C. William Schwab, MD, Emeritus Professor of Trauma Surgery, noted that another, less-obvious negative effect a surplus of trauma centers present is the impact on the education, training, and research missions of academic medical centers and research hospitals with trauma programs.

“Creating the next generations of medical specialists, scholars, and scientific investigators is one of the most important responsibilities of academic medical centers,” Schwab said. Lower trauma volumes, he added, limit a center’s ability to allocated the sources necessary to adequately testing of new treatments – such as the ongoing work to test the effectiveness of using vasopressin versus normal saline during the resuscitation of severely injured trauma patients – or therapies that may improve survival rates or prevent disabilities.

Conversely, not enough trauma centers in an area can mean fewer patients are treated within the “golden hour” – the preferred window of time to provide trauma services that most improve the chances for patient recovery.

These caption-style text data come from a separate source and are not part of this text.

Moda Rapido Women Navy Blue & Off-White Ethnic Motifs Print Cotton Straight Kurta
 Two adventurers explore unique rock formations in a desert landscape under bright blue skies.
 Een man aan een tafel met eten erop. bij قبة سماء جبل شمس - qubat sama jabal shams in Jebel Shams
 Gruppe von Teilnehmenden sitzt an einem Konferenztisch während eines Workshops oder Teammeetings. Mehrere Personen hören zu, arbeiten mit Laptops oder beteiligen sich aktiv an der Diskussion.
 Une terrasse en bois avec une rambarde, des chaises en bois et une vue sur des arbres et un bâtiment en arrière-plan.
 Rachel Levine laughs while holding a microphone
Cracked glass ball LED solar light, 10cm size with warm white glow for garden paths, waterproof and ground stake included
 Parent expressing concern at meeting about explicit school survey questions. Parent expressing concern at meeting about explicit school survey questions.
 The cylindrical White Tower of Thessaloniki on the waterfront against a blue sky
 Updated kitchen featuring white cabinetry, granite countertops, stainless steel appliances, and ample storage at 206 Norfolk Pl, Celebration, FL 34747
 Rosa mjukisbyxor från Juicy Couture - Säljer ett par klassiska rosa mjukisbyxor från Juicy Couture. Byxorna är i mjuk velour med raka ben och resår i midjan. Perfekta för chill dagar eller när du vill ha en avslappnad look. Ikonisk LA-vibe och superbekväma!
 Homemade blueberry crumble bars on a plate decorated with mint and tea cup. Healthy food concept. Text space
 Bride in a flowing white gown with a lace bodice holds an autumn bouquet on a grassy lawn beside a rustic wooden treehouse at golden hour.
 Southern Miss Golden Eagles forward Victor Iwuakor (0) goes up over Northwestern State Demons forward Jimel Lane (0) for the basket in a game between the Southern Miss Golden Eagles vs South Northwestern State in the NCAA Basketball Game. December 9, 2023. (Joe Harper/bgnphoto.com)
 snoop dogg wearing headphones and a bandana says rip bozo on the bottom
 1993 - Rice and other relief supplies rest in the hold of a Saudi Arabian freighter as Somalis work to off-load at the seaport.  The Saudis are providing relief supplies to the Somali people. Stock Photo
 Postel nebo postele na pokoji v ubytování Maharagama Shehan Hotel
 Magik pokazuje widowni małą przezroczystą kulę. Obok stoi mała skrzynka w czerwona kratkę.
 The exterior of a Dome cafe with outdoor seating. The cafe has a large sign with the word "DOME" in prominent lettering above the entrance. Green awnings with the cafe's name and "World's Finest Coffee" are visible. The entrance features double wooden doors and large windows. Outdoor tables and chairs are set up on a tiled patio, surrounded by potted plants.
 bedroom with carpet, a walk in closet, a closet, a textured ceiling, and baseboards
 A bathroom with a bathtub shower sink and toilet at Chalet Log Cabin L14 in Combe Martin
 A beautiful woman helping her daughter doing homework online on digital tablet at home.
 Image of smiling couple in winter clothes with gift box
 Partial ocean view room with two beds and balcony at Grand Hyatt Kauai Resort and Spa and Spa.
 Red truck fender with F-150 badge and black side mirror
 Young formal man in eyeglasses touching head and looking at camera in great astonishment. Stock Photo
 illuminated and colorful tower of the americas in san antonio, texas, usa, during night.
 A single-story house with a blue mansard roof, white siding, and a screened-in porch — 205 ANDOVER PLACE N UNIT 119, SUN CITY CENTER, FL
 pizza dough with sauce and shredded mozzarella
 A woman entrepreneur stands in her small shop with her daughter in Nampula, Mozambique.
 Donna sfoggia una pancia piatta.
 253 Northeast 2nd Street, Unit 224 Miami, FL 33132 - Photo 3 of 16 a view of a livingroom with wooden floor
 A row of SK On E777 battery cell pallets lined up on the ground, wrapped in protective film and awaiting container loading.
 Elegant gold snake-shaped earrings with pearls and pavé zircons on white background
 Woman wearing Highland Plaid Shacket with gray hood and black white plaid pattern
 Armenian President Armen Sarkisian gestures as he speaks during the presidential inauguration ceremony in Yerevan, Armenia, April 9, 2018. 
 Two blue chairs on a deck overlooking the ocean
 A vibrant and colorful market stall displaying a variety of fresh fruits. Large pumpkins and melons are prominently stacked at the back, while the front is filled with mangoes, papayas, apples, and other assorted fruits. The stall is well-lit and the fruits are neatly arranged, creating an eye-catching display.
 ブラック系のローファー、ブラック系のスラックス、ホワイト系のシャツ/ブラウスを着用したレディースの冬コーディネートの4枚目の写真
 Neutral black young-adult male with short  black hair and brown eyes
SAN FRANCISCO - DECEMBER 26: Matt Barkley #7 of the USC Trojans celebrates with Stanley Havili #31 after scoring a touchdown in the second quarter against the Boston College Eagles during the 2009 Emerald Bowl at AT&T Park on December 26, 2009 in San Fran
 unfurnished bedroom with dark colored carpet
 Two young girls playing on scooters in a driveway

Penn-led research published earlier this year showed that patients who sustain severe head injuries tend to have better outcomes if they are taken to a designated trauma center, but 44 percent of them are first taken to hospitals without those specialized care capabilities. Those results, the authors say, support the need for systematic changes to improve care.

In the new studies, the team analyzed the time to “definitive care” – how long it takes from the moment of injury to when a patient is delivered to a hospital emergency department. In areas like Philadelphia and its suburbs, the average time was around 15 minutes. In rural regions of the state like the Lewistown and State College area (in central PA) and DuBois (located 100 miles northeast of Pittsburgh), the average transport time was four hours or more.

While a solution may seem obvious – open a Level I or II trauma center where needed – the cost for facilities, equipment, and training is high, and it can be challenging to attract high-level surgical specialists like neurosurgeons to rural areas that lack the high volumes of urban or suburban centers. One possible answer might be to encourage community hospitals in areas of need to become lower level trauma centers.

“If we can use that 15 to 30 minutes of transport time to get a critically injured patient to a Level III or IV center, they can be stabilized, receive fluids and blood transfusions, and be prepped for transport to a major trauma center. The likelihood is that we can potentially save some lives,” Horst said.

The LG Health Research Institute has shared its findings at national trauma conferences, where a number of people from other states expressed interest in adopting a similar expansion model. The Institute is now looking at pediatric trauma centers and geriatric trauma data to determine if and how specific needs within those populations can be met more efficiently.

“The PTSF has acted responsibly to address where trauma centers are needed to further protect lives and seeks to find incentives for rural hospitals to develop trauma response programs and centers,” Schwab said. “This latest research advances that effort.”

Editor’s Note: The Pennsylvania Health Care Cost Containment Council (PHC4) supplied inpatient admission data for the years 2003 to 2015 and the PTSF supplied trauma admission data for the same time period.